I’m a big fan of NGINX. I’ve racked up some serious notes on my experience with it on the NGINX pages of the Docunext wiki, but just recently, I was even more impressed with NGINX.
I’ve started using the resource limitation features of NGINX, mostly the rate limiting features but also the connection limiting features. What really struck me was that the documentation explained that the author of NGINX, Igor Sysoev, took the trouble to support hashing the remote ip in binary form, to conserve memory.
I feel this is exemplary of how and why NGINX rocks. I’ve heard about how NGINX can handle tens of thousands of connections kept alive and barely make an impact on memory usage, but the story didn’t hit home for me until I read about the storage of the remove ip address in binary form. That is awesome.
It definitely puts things in perspective for me. Whereas I’d come to learn about web servers as application servers, NGINX is really an incredibly powerful application level router, with a honkin’ web server built-in.
And its impressive how the feature set really supports its strengths. I started using NGINX because it has rocking proxy capabilities. Then I read up on its FastCGI handling - impressive, but I prefer Apache and mod_fcgid. Then I read up on its handling of kept alive connections - whoa, now we’re on another level. Then I read up on its capabilities of limiting resources based on connection and remote ip - this is “carrier grade” software. I don’t use that term loosely! :-)

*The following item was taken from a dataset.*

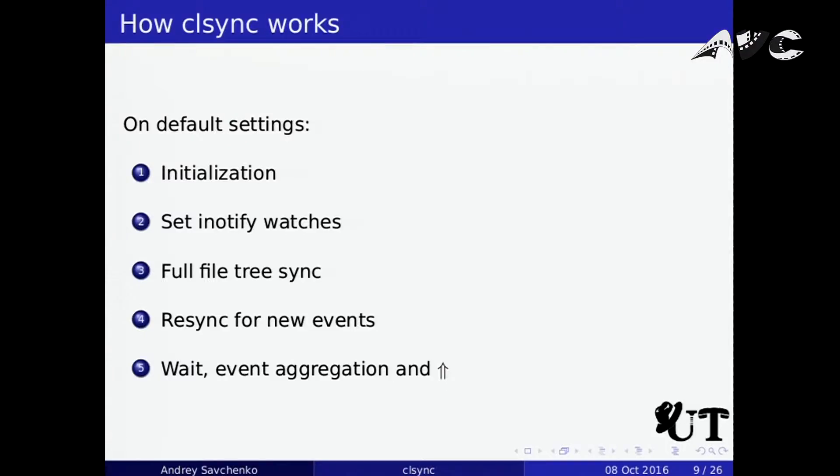So how does CLSync work? Firstly it initializes, reads all its rules and regular expressions, descends into subdirectories setting all iNotify watches, then performs full synchronization. If new events were coming while the tree was being synchronized, it performs resynchronization until there are no new events. While it waits, the daemon aggregates events and performs the previous step.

Other great things about NGINX:
- It serves so well, all it needs is last-modified!
- It so efficient that is can run on minimalist machines with impressive performance.
- It has some really cool, and well thought out modules: XSLT, image filtering, precompression content negotiation, and even WebDAV.
Nice work, Igor! You’ve done a great job with this project. Such a good job that I feel its really going to flourish throughout its lifetime. Bravo!